Fińska policja już na początku roku otrzymała informacje, że Marokańczyk, który w piątek zaatakował nożem ludzi w Turku zabijając dwie osoby i raniąc osiem, zradykalizował się – podał fiński nadawca radiowo-telewizyjny Yle.
Fińska policja już na początku roku otrzymała informacje, że Marokańczyk, który w piątek zaatakował nożem ludzi w Turku zabijając dwie osoby i raniąc osiem, zradykalizował się – podał fiński nadawca radiowo-telewizyjny Yle.

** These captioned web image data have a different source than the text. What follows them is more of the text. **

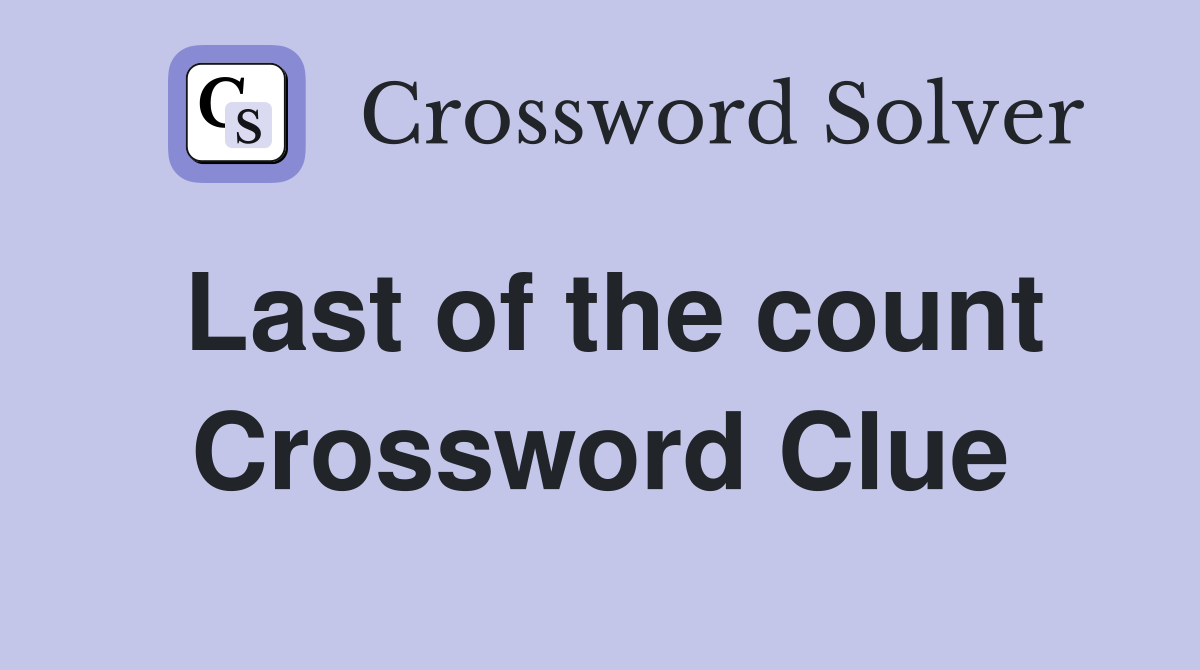 Last of the count Crossword Clue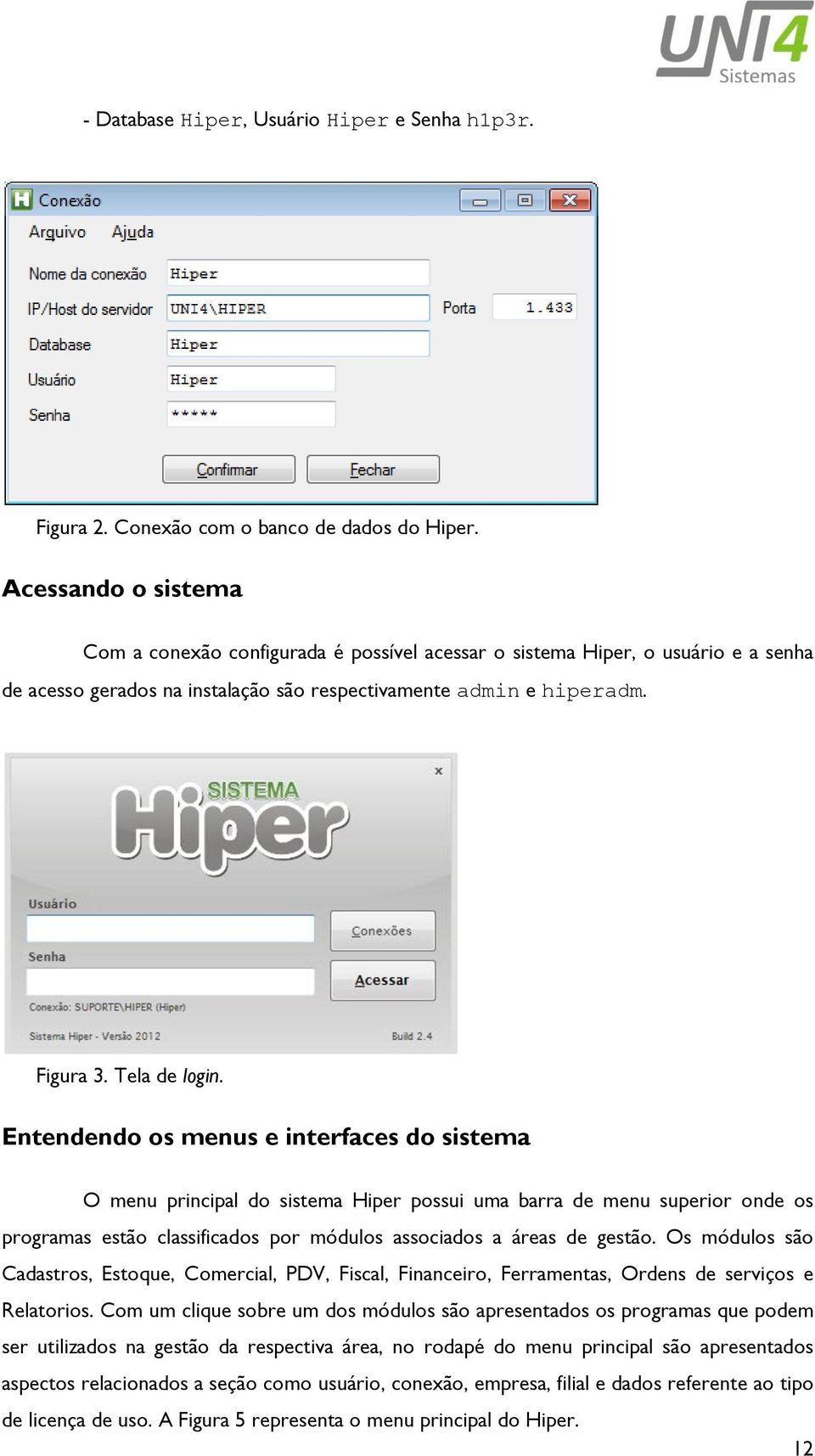 Entendendo os menus e interfaces do sistema O menu principal do sistema Hiper possui uma barra de menu superior onde os programas estão classificados por módulos associados a áreas de gestão.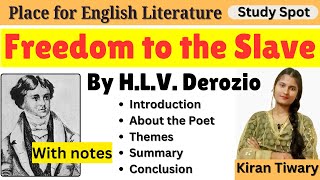 Freedom to the Slave by H L V Derozio Summary freedom [upl. by Borchers]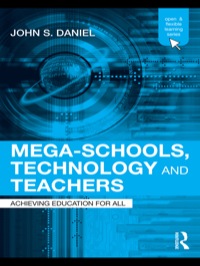 Omslagafbeelding: Mega-Schools, Technology and Teachers 1st edition 9780415872058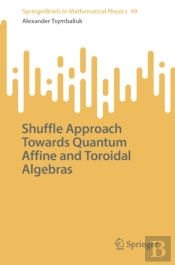 Shuffle Approach Towards Quantum Affine And Toroidal Algebras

Według Yle, które powołuje się na źródło policyjne, informacje o radykalizacji pochodziły od obcokrajowca mieszkającego w Turku. Lokalna policja przekazała informacje do policji bezpieczeństwa SUPO.
Jak potwierdził Yle przedstawiciel SUPO, mężczyzna był zainteresowany radykalną działalnością, ale nie było doniesień o zagrożeniu konkretnym atakiem.
SUPO potwierdziło, że sprawcy ataku nie było na liście 350 osób podejrzewanych w Finlandii o zaangażowanie w działalność terrorystyczną. Fiński nadawca przyznał, że nie wie, jakie działania podjęły służby po otrzymaniu wcześniejszych wskazówek.
Fiński sąd ujawnił tożsamość nożownika. Jest nim urodzony w 1988 roku pochodzący z Maroka Abderrahman Meszka. Przybył do Finlandii w 2016 roku i ubiegał się o azyl. Ostatnio przebywał w ośrodku dla uchodźców w jednej z dzielnic w Turku.
W niedzielę został przesłuchany przez policję. Zostanie postawiony przed sądem we wtorek. Odpowie za morderstwa i próbę zabójstwa o charakterze terrorystycznym.
Policja podejrzewa o związek z atakiem także innych czterech Marokańczyków, których zatrzymała w nocy z piątku na sobotę. Im także zostaną postawione zarzuty w związku z atakiem. Zatrzymani nie przyznają się do winy. Policja wystąpiła z wnioskiem o ich osadzenie w areszcie śledczym.
W piątkowe popołudnie w Turku, na południowym zachodzie Finlandii, w wyniku ataku nożownika zginęły dwie obywatelki Finlandii. Zranionych zostało osiem osób, w tym obywatele Szwecji, Włoch i Wielkiej Brytanii.